2023-08-11

Planning the Fediverse test suite

https://feditest.org/blog/2023-08-11-swicg-presentation/

Note

This early plan was presented to the W3C’s Social Web Community Group in August 2023 and is republished here. Corresponding slides: 1 2 3 4.

The problem

Core premise of the Fediverse is that users can use any Fediverse servier-side app they choose (say “App A” such as Mastodon) to interact with others on the Fediverse, even if they use a different server-side “App B”, and when they do so, the interaction “will work”. Technically, this means that any two server-side Apps A and B must implement the same Fediverse protocol stack in compatible ways. (Note: we will use the term “app” to describe server-side Fediverse apps such as Mastodon. Don’t confuse it with mobile apps; we don’t talk about them here.)

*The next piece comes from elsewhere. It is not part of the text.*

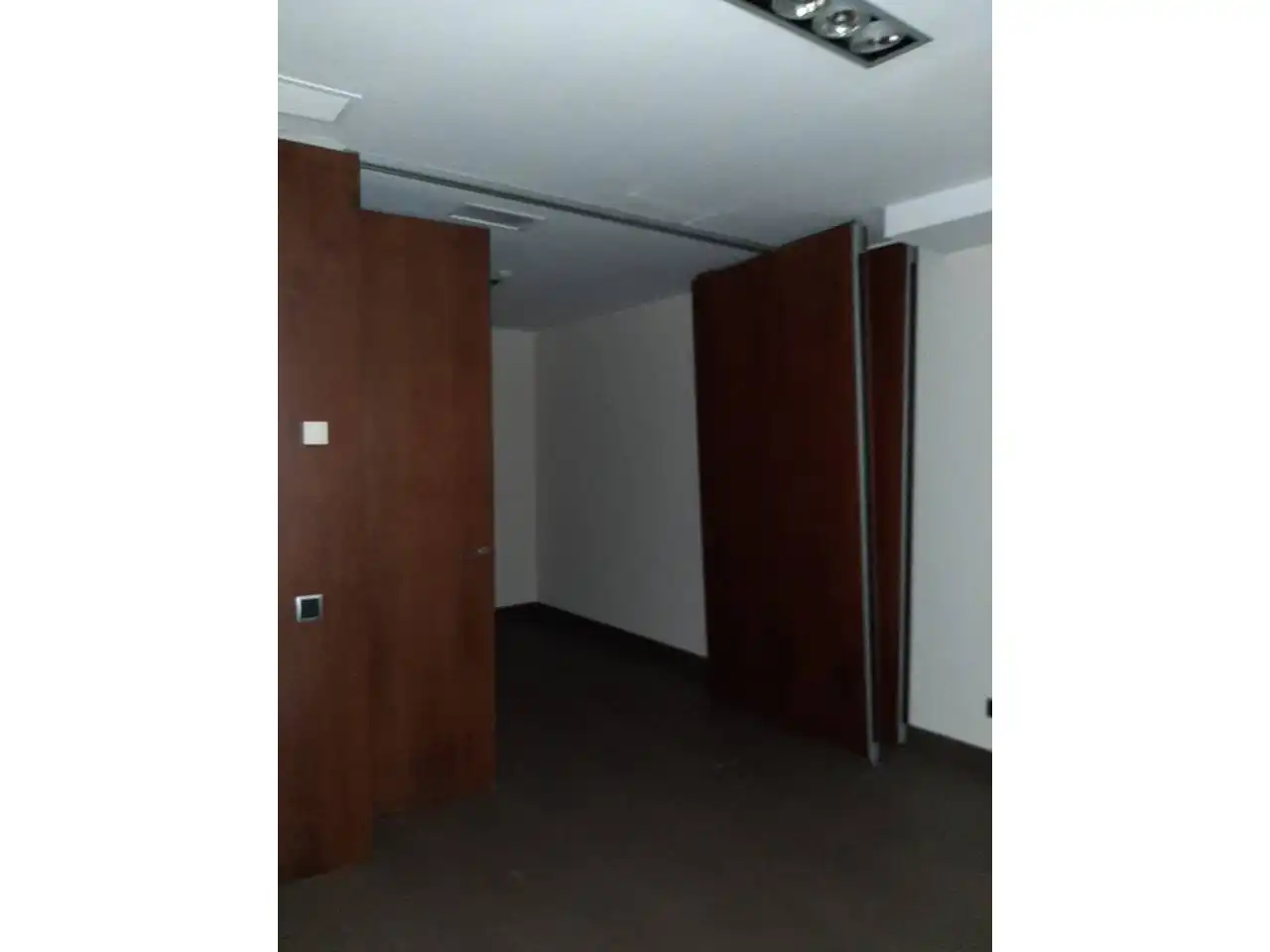Office space with lift for sale in Avenida Corts Catalanes, imagen 8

In practice, this is difficult, for the following reasons:

The relevant protocol stack (centered around ActivityPub, but also including WebFinger, HTTP signatures and more) is complex; implementation errors are easily made.
Many new implementations are being created by development teams with great ideas but that are under-resourced; detailed protocol testing against many other apps often falls by the wayside due to resource constraints. This creates bad experiences for users, diminishing the value of the Fediverse.
Several of the relevant standards comprising the technical protocol stack can be implemented in a variety of different ways, that – even while staying within the boundaries that the standards permit — nevertheless lead to incompatible implementations.
As different Fediverse apps tend to have different feature sets (sometimes dramatically so; e.g. from microblogging to video sharing and reading list management), different apps often implement extensions or conventions for their particular domain, all of which need to be at least tolerated by all other Fediverse apps. Without systematically testing this, app users may be in for a (bad) surprise.
There is a rich set of official and less official Fediverse extensions being created by many developers; implementations of those need to at least not conflict with others.
The number of Fediverse apps keeps rising from the current several dozen, and is expected to continue to rise for the foreseeable future. It is practically impossible for developers to manually test their own app against dozens of other apps even today, much less in the future.
New app releases are frequent; in theory, every app should be tested in all of its versions against all versions of all other apps, as it may encounter any of them on the Fediverse. In the current state of affairs – manual testing – this is completely impossible as the costs in time and effort would be astronomical.
There is widespread concern in the community that Fediverse apps with an outsized user base will not pay close attention to the underlying standards, under the assumption that smaller apps will have to interoperate with them regardless; a Fediverse test suite could at least make their non-compliance explicit.
Similarly, technology history is full of examples where large commercial interests paid lip service to supporting an open protocol and instead used a strategy of subtle incompatibilities and extensions to subvert the open standard, and ultimately break the promise of interoperability across the respective network. While automated tests can only do so much to make this less likely, a Fediverse test suite would make this strategy less likely to succeed in the Fediverse due to the resulting, immediate negative publicity for the entity embarking on that strategy.

A Fediverse test suite with good coverage could thus significantly contribute to:

better user experiences, and higher utility due to higher quality of interoperability across the Fediverse;
a stronger appeal and utility of the overall network to more users, and more use cases, without being beholden to unaccountable commercial interests;
higher developer productivity and lower cost, leading to more value for users at a lower effort/cost of development;
a well-tested foundation enables higher-level innovation, while subtle interop problems largely prevent it.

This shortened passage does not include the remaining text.